For this seminar WONA invited Danish/Swiss researcher Ann-Sofie N. Gremaud to talk about her most recently published two-volume publication, co-edited with Kirsten Thisted, entitled Denmark and The New North Atlantic. Narratives and Memories in a Former Empire (Aarhus University Press, 2020). According to the publisher, the «…book investigates how the emergence of the Arctic as a new geopolitical arena affects and reshapes the area known as the North Atlantic: Greenland, Iceland, the Faroe Islands and coastal Norway. The relationship between the center of the former Danish empire and its subordinates have rested on (varying degrees of) asymmetric power relations, that are intertwined with political as well as emotional bonds.»

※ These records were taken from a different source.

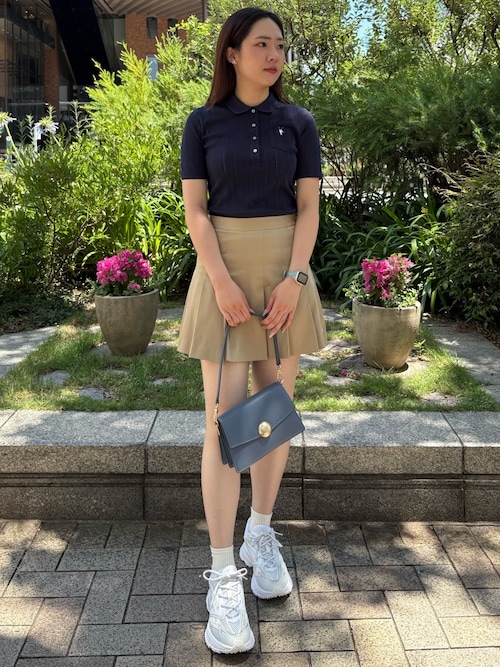 レース調 リボン付き ポインテルニット 半袖ポロシャツ（ポロシャツ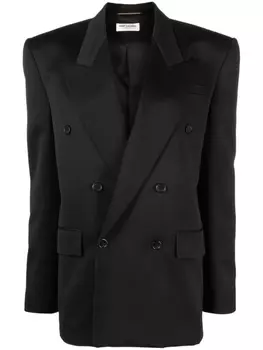 Saint Laurent двубортный шерстяной блейзер, черный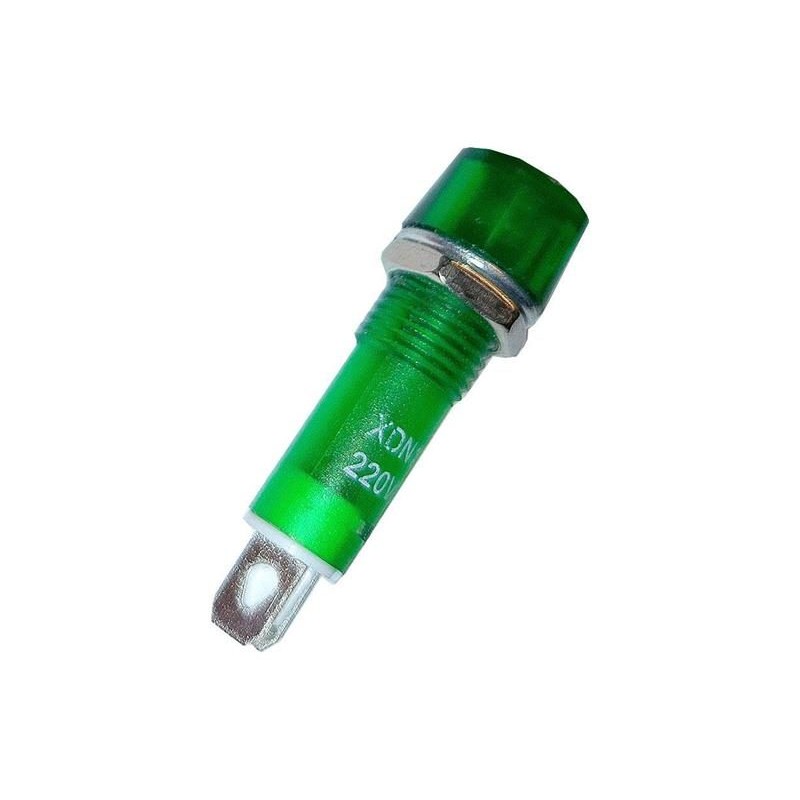 Kontrolka guľatá 230V s tlejivkou, zelená do otvoru 10mm XDN1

In the seminar Ann-Sofie N. Gremaud highlighted how her own research interests fed into the long-term research project that stands behind the publication of the book. Specific terms and notions were discussed especially, including the terms «cryptocolonial» and what «colonialism» means in a Nordic context with all its nuances and geographical specificities. Since Ann-Sofie N. Gremaud is based in Iceland and affiliated with the University of Iceland since 2018, Gremaud especially discussed the relationship between Denmark and Iceland in this context, and how it differed from the relationships with Greenland and the Farøe Islands. Gremaud also highlighted the collaborative aspect of the research project and two-volume publication, which lasted for eight years and were much of the writing was jointly executed, while Kirsten Thisted and Gremaud herself, as editors, took responsibility for binding the contributions together and find a red thread.

Ann-Sofie N. Gremaud is a Danish/Swiss researcher of cultural history, currently based in Reykjavík, Iceland. She studied Art History and Scandinavian Literature at the University of Aarhus and spent a few years working in Iceland. Her PhD thesis was about crypto-colonial elements in Icelandic nation building and the importance of landscape imagery. Kryptokoloniale Landskaber. Tid, sted og rum i billeder af islandsk landskab 1874-2011 (2012) was the culmination of a three year project at the University of Copenhagen (Department of Arts and Cultural Studies) – as well as an onset for new research. 2013-2017 she was affiliated with the Department of Cross-Cultural and Regional Studies at the University of Copenhagen as a postdoctoral fellow with the research project Geographies of Crisis: Post-Industrial Landscapes in the North Atlantic as a part of a larger joint research project. September 2013 to August 2014 she was a visiting scholar at the Edda Center of Excellence at Háskóli Íslands (Reykjavík). Gremaud has also worked as a freelance writer and lecturer and taught at Ilisimatusarfik, the University of Greenland.

Since 2018 Gremaud is affiliated with the University of Iceland as an assistant professor at the department of Danish and part of the research network The Art of Nordic Colonialism: Writing Transcultural Art Histories 2019-2022.